ASSIGNMENT: Would you transcribe the data word for word?

**** DATASET EXTRACT

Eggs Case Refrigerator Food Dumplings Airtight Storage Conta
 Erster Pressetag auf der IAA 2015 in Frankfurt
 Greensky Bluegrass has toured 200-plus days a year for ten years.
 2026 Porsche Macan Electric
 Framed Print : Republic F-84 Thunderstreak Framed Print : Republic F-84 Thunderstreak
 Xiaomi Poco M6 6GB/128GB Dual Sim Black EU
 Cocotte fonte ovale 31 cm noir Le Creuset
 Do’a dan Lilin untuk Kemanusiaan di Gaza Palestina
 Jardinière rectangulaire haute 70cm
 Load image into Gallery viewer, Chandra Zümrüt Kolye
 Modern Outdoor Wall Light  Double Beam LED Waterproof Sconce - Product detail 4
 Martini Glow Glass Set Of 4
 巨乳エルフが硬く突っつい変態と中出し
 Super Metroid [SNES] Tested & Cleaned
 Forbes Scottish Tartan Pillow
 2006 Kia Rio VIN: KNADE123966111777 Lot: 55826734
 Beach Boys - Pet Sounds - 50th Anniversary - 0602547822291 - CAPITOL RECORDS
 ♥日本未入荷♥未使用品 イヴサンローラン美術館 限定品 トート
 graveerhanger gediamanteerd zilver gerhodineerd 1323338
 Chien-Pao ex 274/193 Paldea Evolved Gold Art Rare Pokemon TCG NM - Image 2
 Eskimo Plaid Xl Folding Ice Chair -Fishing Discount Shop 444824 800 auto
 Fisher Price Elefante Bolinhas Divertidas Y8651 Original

********

RESPONSE BELOW:
Eggs Case Refrigerator Food Dumplings Airtight Storage Conta
 Erster Pressetag auf der IAA 2015 in Frankfurt
 Greensky Bluegrass has toured 200-plus days a year for ten years.
 2026 Porsche Macan Electric
 Framed Print : Republic F-84 Thunderstreak Framed Print : Republic F-84 Thunderstreak
 Xiaomi Poco M6 6GB/128GB Dual Sim Black EU
 Cocotte fonte ovale 31 cm noir Le Creuset
 Do’a dan Lilin untuk Kemanusiaan di Gaza Palestina
 Jardinière rectangulaire haute 70cm
 Load image into Gallery viewer, Chandra Zümrüt Kolye
 Modern Outdoor Wall Light  Double Beam LED Waterproof Sconce - Product detail 4
 Martini Glow Glass Set Of 4
 巨乳エルフが硬く突っつい変態と中出し
 Super Metroid [SNES] Tested & Cleaned
 Forbes Scottish Tartan Pillow
 2006 Kia Rio VIN: KNADE123966111777 Lot: 55826734
 Beach Boys - Pet Sounds - 50th Anniversary - 0602547822291 - CAPITOL RECORDS
 ♥日本未入荷♥未使用品 イヴサンローラン美術館 限定品 トート
 graveerhanger gediamanteerd zilver gerhodineerd 1323338
 Chien-Pao ex 274/193 Paldea Evolved Gold Art Rare Pokemon TCG NM - Image 2
 Eskimo Plaid Xl Folding Ice Chair -Fishing Discount Shop 444824 800 auto
 Fisher Price Elefante Bolinhas Divertidas Y8651 Original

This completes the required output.